In between premieres of his latest film, "Nocturnal Animals," in Venice and Toronto, fashion designer and filmmaker Tom Ford has launched a fall collection at New York's fashion week and picked up the prestigious Golden Lion award for his film in Venice.
But for Ford, the two realms are kept fastidiously apart. At the film's Toronto debut, he promised the audience there are no Tom Ford products in "Nocturnal Animals," as if such placements would be an appalling collision of worlds, an unholy tainting of his purer cinematic self.
"Nocturnal Animals" confirms both the directing talent evident from Ford's acclaimed debut, "A Single Man," and his strong desire to make filmmaker perhaps his foremost identity. "I would love to do it every three years for the rest of my life," he says in his deep, distinctively precise voice. "I'm very serious about it."
The film, which will be released Nov. 18, stars Amy Adams as a high-end Manhattan gallerist whose vacuous life is interrupted by a manuscript from her ex-husband (Jake Gyllenhaal). Though the tale — a murder thriller set in the rural West — is fictional, it has profound personal meaning to their long-ago relationship.
In an interview shortly after the film's premiere in Toronto, Ford spoke about the schism between his two personas and why, as he said, "moviemaking is the most fun thing I can think of."
Q: What does filmmaking give you that fashion doesn't?
Ford: You will never feel the impact a dress had when whoever walked into a room for the very first time and they just were so breathtaking beautiful. Whereas film, you can capture that and it lasts forever. You can watch an old movie from the '30s and you're right there with them. You're feeling with them. You're crying with them. They're dead. They're all gone. But you're back in that world. And for someone who likes to create, that's the ultimate design project of all time. For me, if everybody ever needed to know who I am or who I was at a certain moment in my life, you can watch "A Single Man." I'm George. That's it.
Q: Does it disappoint you that it's been seven years since your first film?
Ford: It does. I don't even know how that happened. Life goes by. When I had "A Single Man," I just had a men's business. I then opened a women's business. The women's business is treacherous. I opened 100 stores. I launched quite a few different projects. And when I had my son, I said I want to be a very hands-on father. I said I didn't want to make a movie until he was 3 or 4. The day he turned 3, we started shooting.

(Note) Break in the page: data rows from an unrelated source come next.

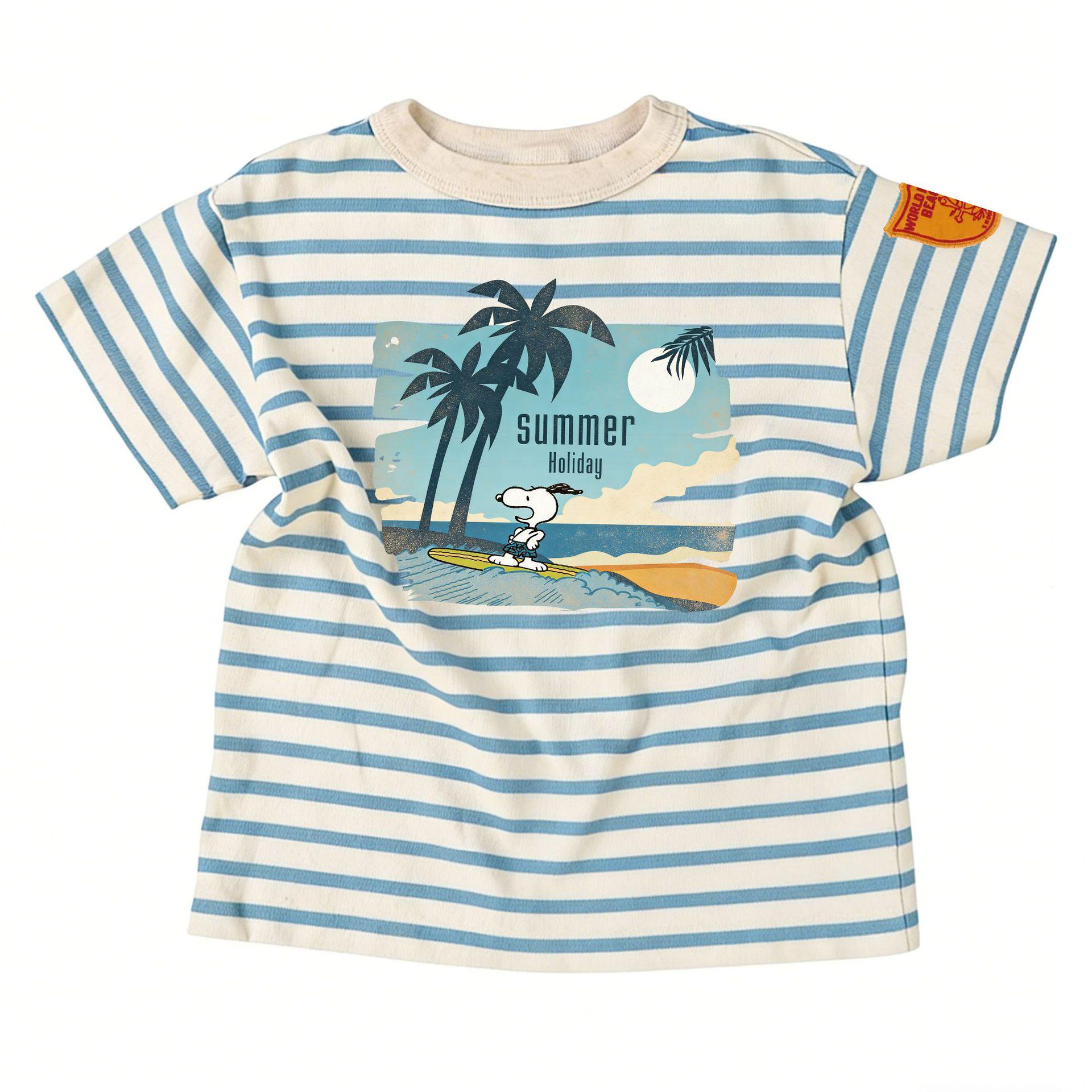 Trendy Children s Cartoon Print Striped Short-Sleeve T-Shirt for Boys - Casual Summer Knit Top 100cm
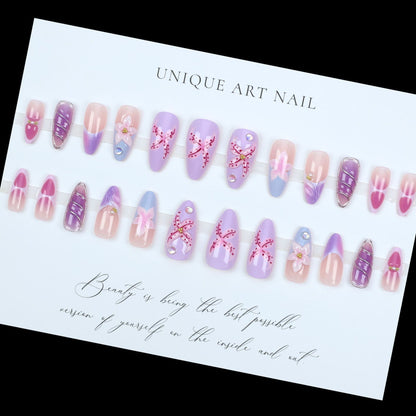 24PCS 3D Sweet Pink Flower Almond Press on False Nails with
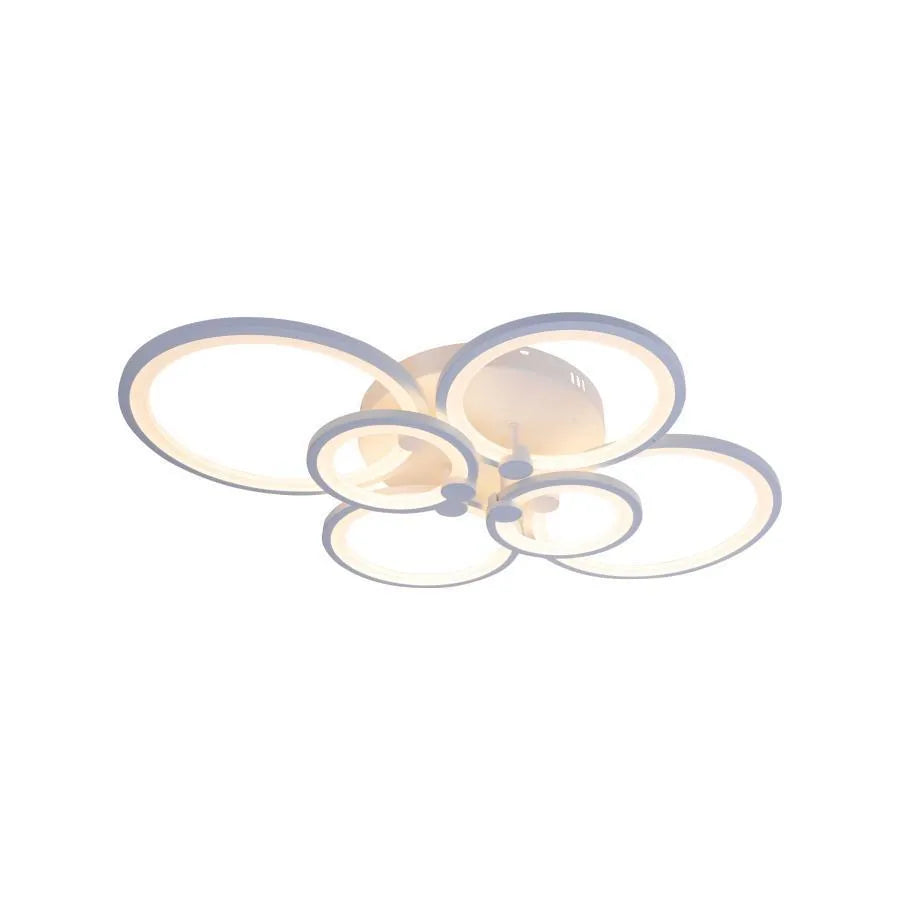 LED luster s diaľkovým ovládačom ALANI 168 W, 6 kruhov, studené/teplé/neuterálne svetlo, dimovateľný, biela farba, imaginea 3
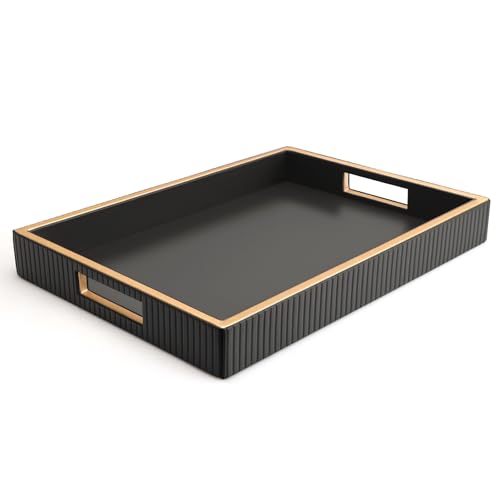 SANZIE Leather Tray Desktop Storage Organizer Premium Serving Tray Decorative Tray Valet Tray for Sundries Cosmetics Phone Wallet Cutlery (Black Holder)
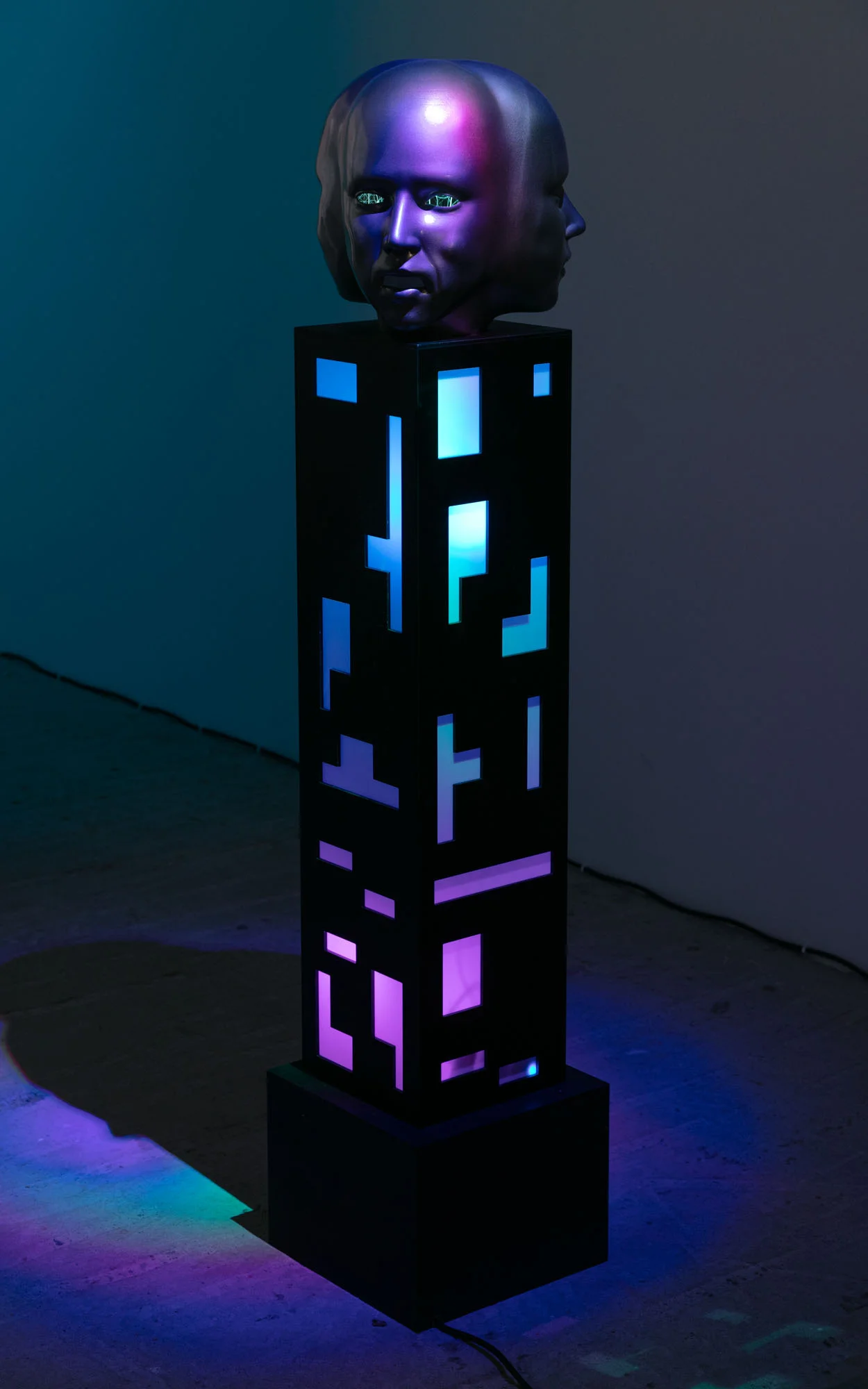 Phillip Birch The Head of Tribunal , 2017 Plexiglass, LED lights, 3D printed plastic, painted enamel 63 x 10 x 10 inches Unique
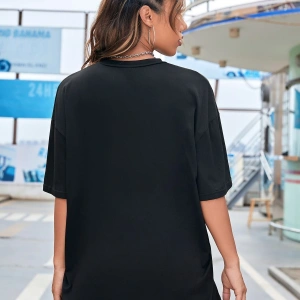 İskelet Desenli Düşük Omuzlu Tişört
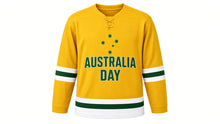 Load image into Gallery viewer, Australia Day Original Hockey Jersey in Gold, front view – custom name and number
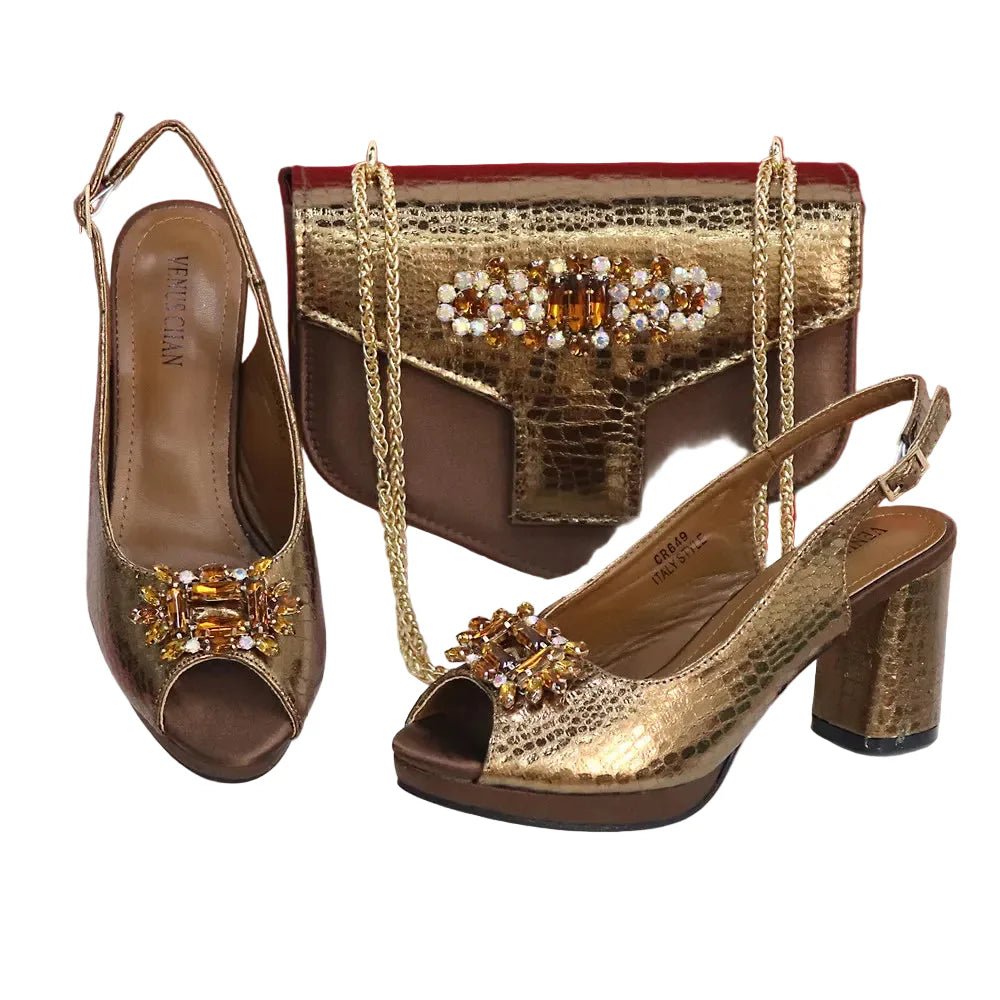Open Toe Women Heels Shoes And Bag Set GRT543 - Luzilly Bridal & Apparel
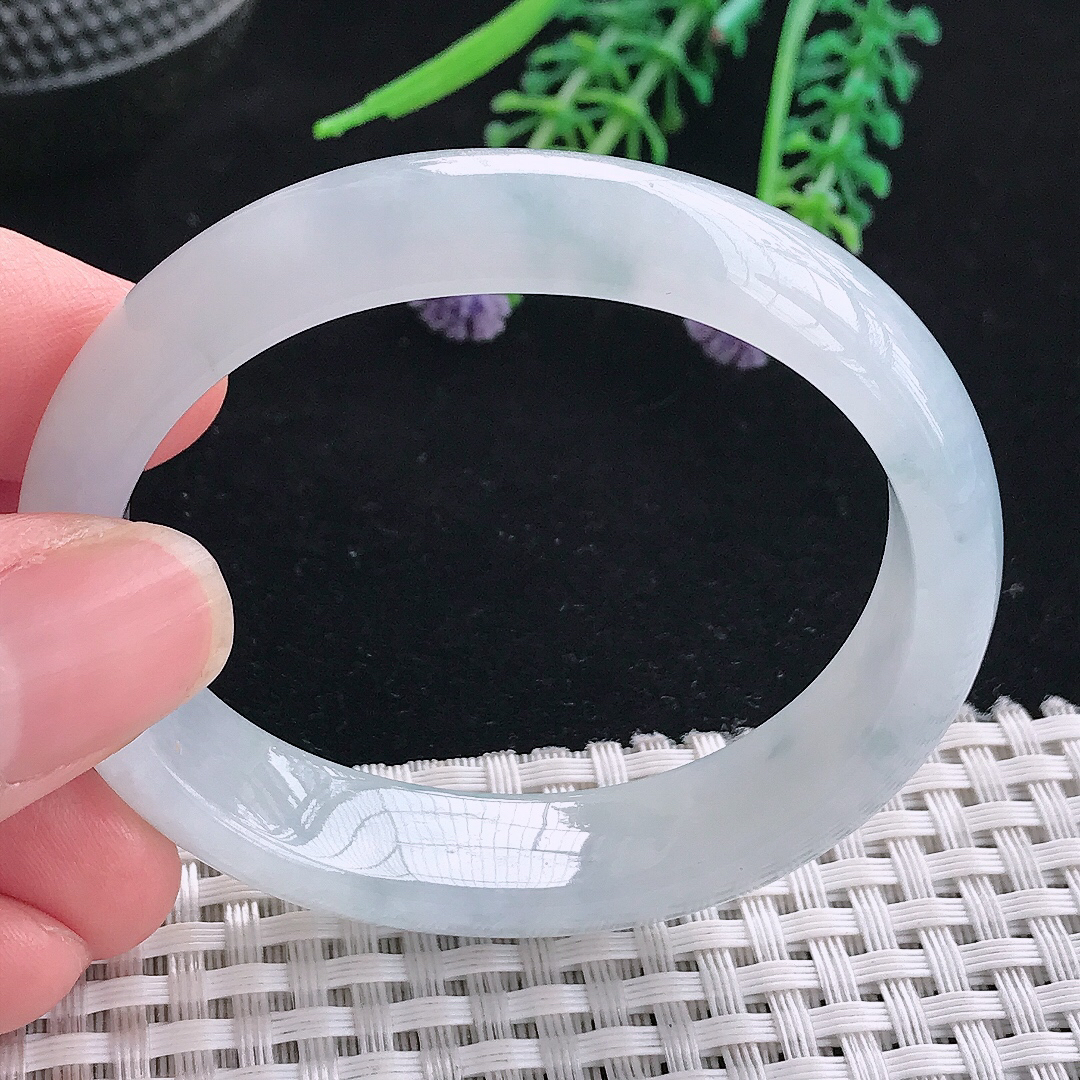 实拍A货翡翠51/44.5/13/7老坑冰润飘花贵妃手镯翡翠玉镯平安镯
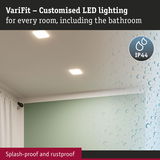 VariFit white LED ceiling lights, splash-proof and rustproof, perfect for bathroom and room lighting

Q: While the sleek interiors of Adams' character's stylish New York life is surely familiar to you and doesn't differ greatly from those of "A Single Man," the Texas thriller half of the film is a departure.
Ford: Very few people see me in that life. My family's been in Texas for 200 years. If I put on a cowboy hat, I don't look stupid. Instantly, you see the genetics. I didn't grow up wearing suits. That's a world I'm very comfortable in. And I'm torn and split between the two. I'm one of these people who create all this fake, artificial stuff that we all consume. And like Amy's character, I am attracted and repulsed by it. I've had the good fortune to know that it does not bring you happiness. It's a struggle, really, because I am creating it.
Q: I gather that control is an essential ingredient for you.
Ford: Control's my favorite word. It's not an accident my light (from the window) is tipped this way and the light's coming at me and you're backlit. It's actually second nature. I don't even think about it anymore. Maybe the older I get — I just turned 55 — we're not in control of anything. We're just not. That doesn't mean I don't keep trying.
Q: Has it been difficult to obtain that in your two films? To have final cut?
Ford: Lipstick pays for that. I have the ability to finance. My first movie, I couldn't get financing for it. I don't think anyone really believed I could make a movie. My friend David Geffen said: "Pay for it. There's no better investment than yourself. Pay for your movie." I can't work if I don't have control. It's not an egotistical thing. It's that I've learned over time that I can't give my best or produce the best product. When I hear a lot of voices, it derails me. It confuses me. I will only ever make a movie if I control the underlying rights.